You do know that koi get to be about 2 feet long, don't you? You're going to stunt them in your 20g.  Very few hobbiest have a tank big enough for a single koi, much less two. They really belong in very large outdoor ponds.


----------



## girth vader (Apr 24, 2006)

Boxermom said:


> You do know that koi get to be about 2 feet long, don't you? You're going to stunt them in your 20g.  Very few hobbiest have a tank big enough for a single koi, much less two. They really belong in very large outdoor ponds.


agreed. they will end up having to take the short bus to school..............


----------



## Gourami Swami (Jul 4, 2006)

when they get bigger I am moving them to my neighbors pond and putting the shubunkin alone in 30.


----------



## Puffer Pita (Jun 16, 2006)

By that time, its likely that they will be badly stunted.  Stunting happens long before they physically outgrow a tank. Their outside stops growing but their internal organs continue. Its not a pleasant thing, is bad for their health and shortens their life span dramatically.


----------



## Gourami Swami (Jul 4, 2006)

well I plan on moving them next week, and hes only now been in there for about 10 days.
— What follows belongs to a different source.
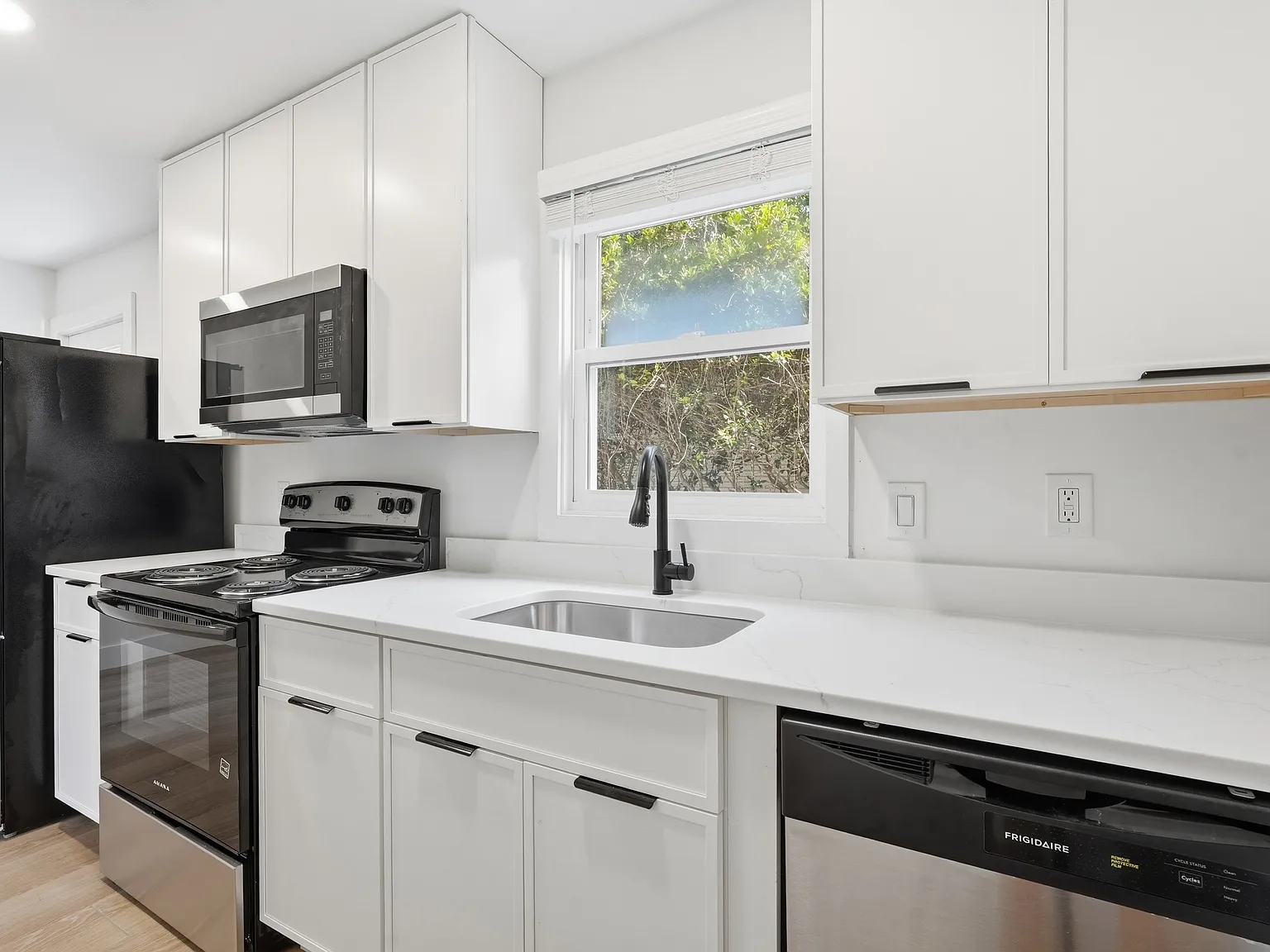2 bed, 1.5 bath, 1000 sqft, $1,575 — Photo 1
I hope I havent done anything too bad, but I cant move them untill friday next week


----------



## Puffer Pita (Jun 16, 2006)

No, 10 days isn't long enough at that size.


----------



## Gourami Swami (Jul 4, 2006)

I dont have to worry about it anymore...the shubunkin ate them both up after 10 ddays of not ever harassing them....:rip:


----------



## Puffer Pita (Jun 16, 2006)

Aww, I'm sorry to hear that.


----------